---------- DATA PROVIDED ----------
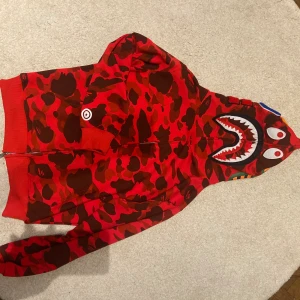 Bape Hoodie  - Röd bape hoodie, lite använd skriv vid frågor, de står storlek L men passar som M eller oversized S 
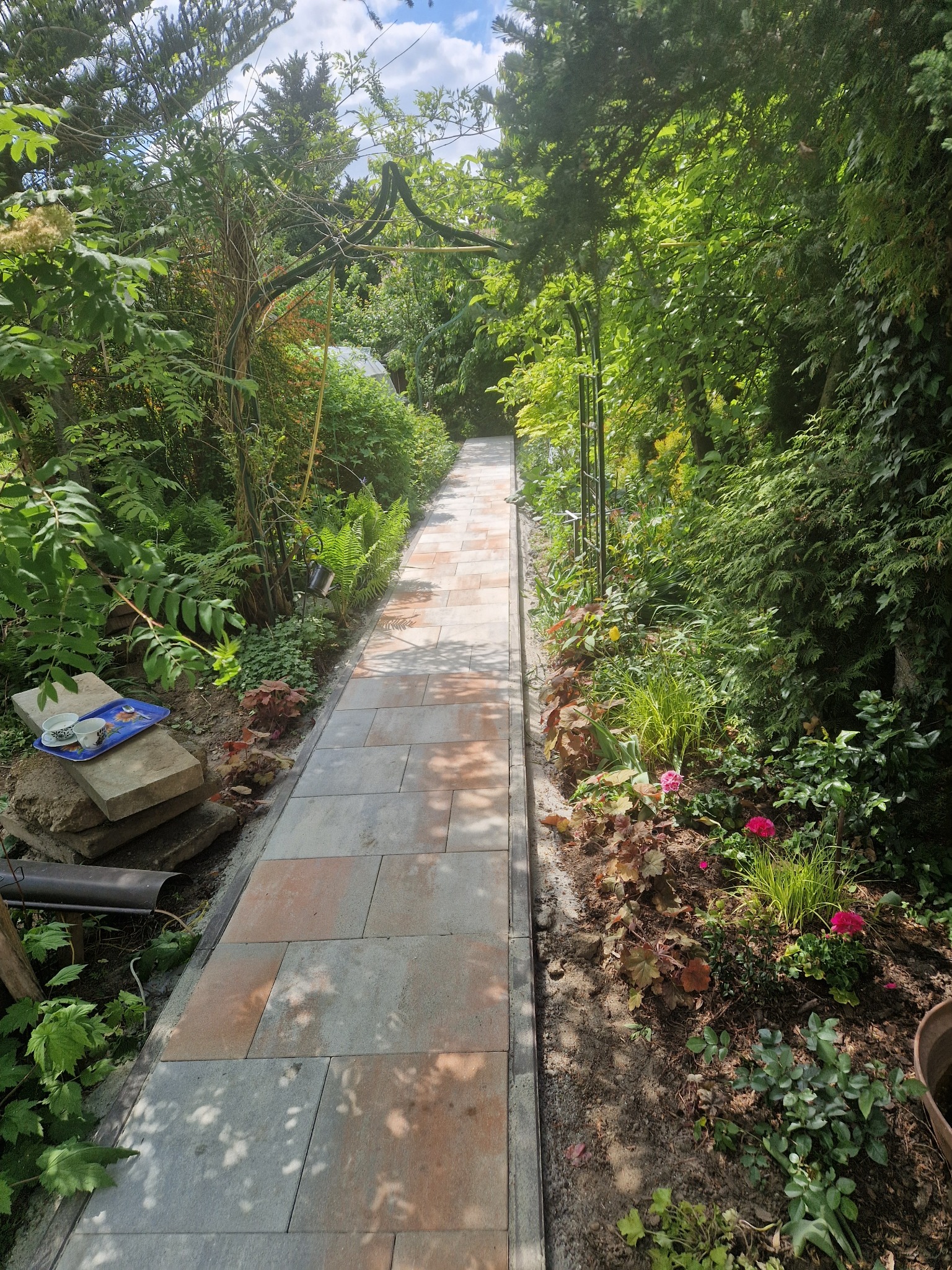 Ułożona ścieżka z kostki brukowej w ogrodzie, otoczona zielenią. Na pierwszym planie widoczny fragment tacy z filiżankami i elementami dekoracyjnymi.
----------
---------- DATA PROVIDED ----------
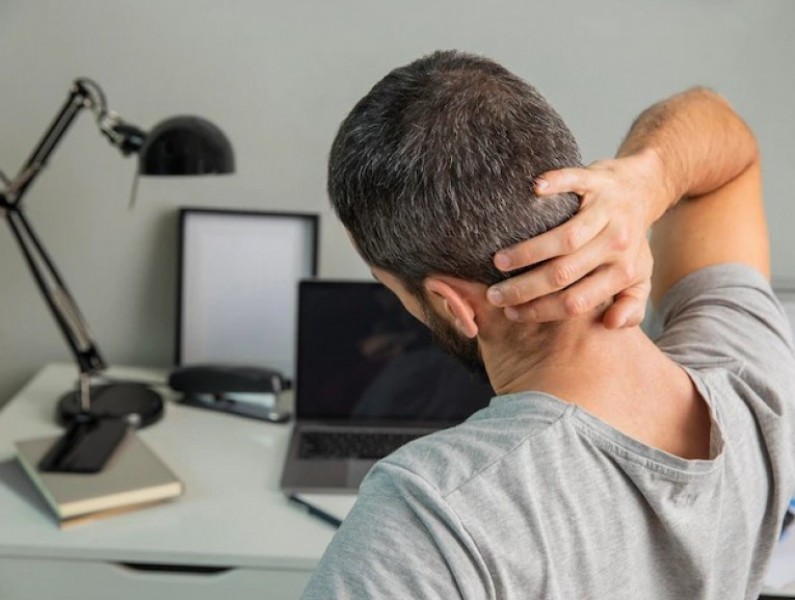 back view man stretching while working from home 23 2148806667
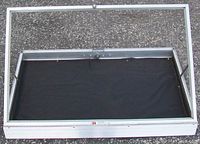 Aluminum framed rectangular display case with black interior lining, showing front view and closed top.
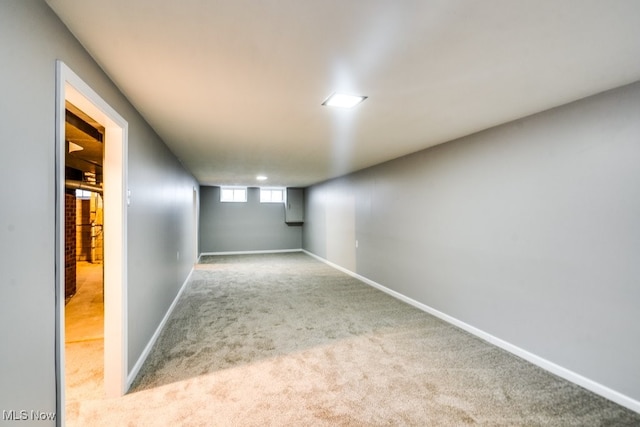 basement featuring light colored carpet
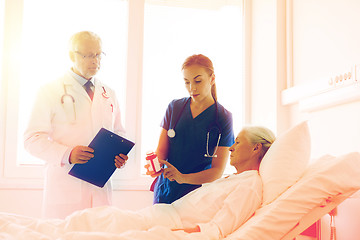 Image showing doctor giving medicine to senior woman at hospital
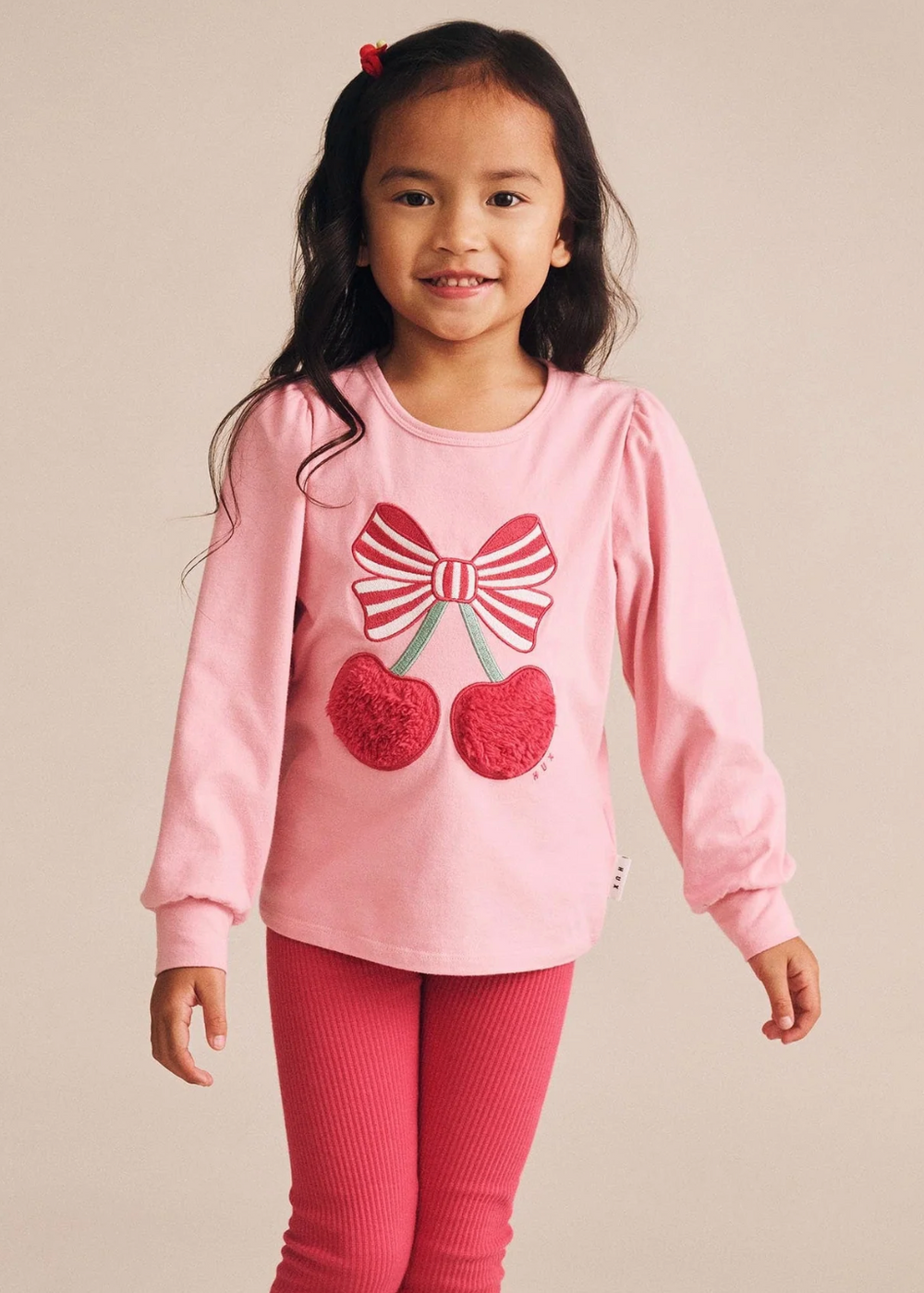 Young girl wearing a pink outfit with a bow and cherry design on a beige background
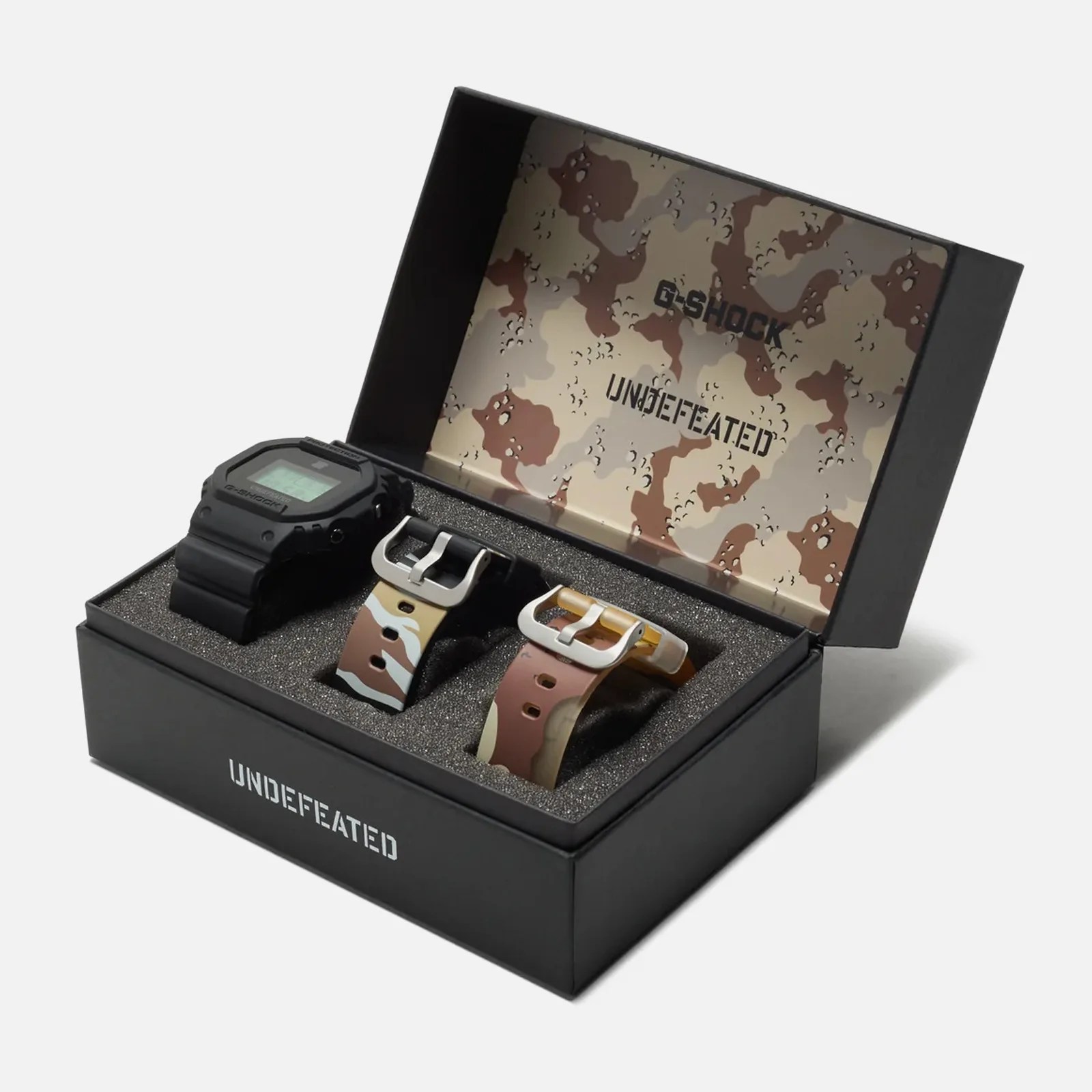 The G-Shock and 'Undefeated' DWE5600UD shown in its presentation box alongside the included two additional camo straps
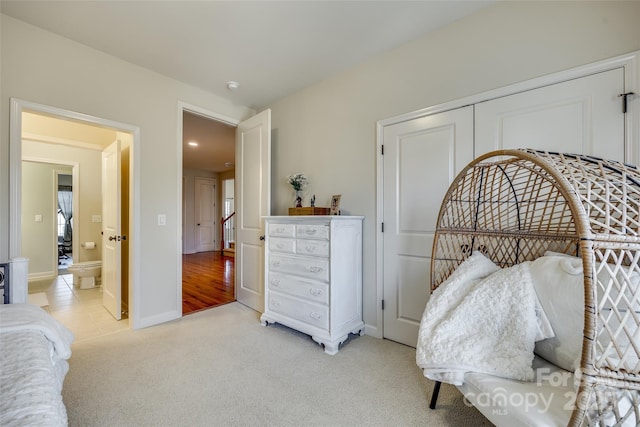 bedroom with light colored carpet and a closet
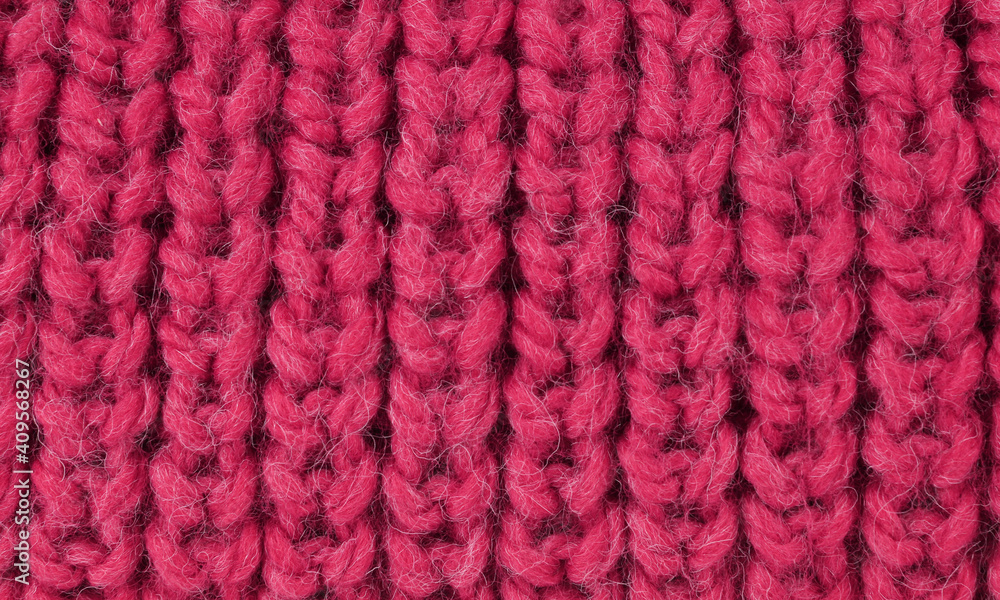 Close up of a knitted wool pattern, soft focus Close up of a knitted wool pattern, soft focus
----------
---------- DATA PROVIDED ----------
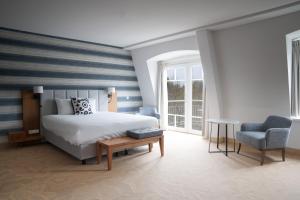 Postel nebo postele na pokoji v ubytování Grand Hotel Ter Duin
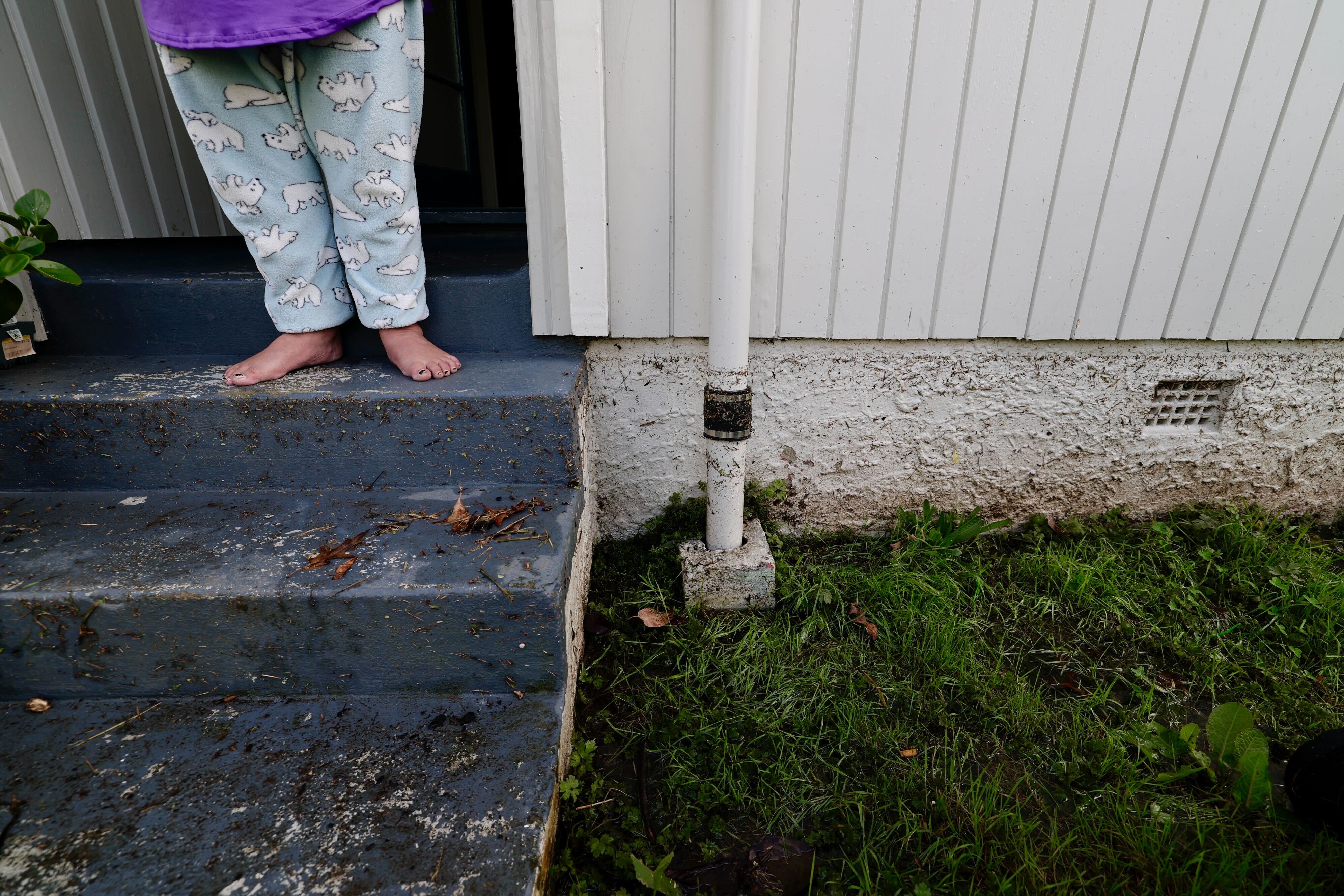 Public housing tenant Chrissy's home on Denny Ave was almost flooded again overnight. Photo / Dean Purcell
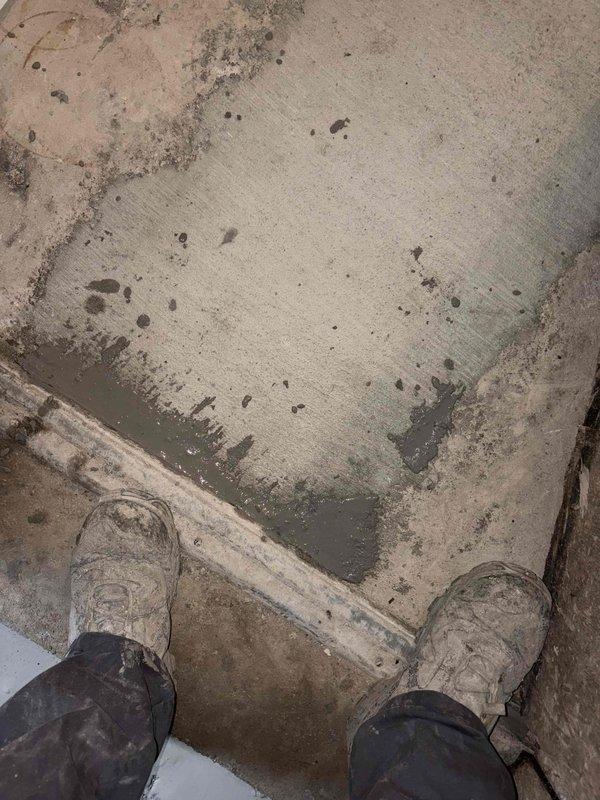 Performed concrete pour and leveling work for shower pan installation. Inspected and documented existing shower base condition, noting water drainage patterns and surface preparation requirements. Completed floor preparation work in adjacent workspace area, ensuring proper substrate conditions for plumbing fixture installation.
----------
▶ [THE TASK]:
The stretch to restate runs from the line above containing "The G-Shock and" through the line containing "Close up of a knitted wool pattern, soft focus Close". Copy it word for word, ends included, without pictures.

▶ [OUTPUT BELOW]:
 The G-Shock and 'Undefeated' DWE5600UD shown in its presentation box alongside the included two additional camo straps
 bedroom with light colored carpet and a closet
 Close up of a knitted wool pattern, soft focus Close up of a knitted wool pattern, soft focus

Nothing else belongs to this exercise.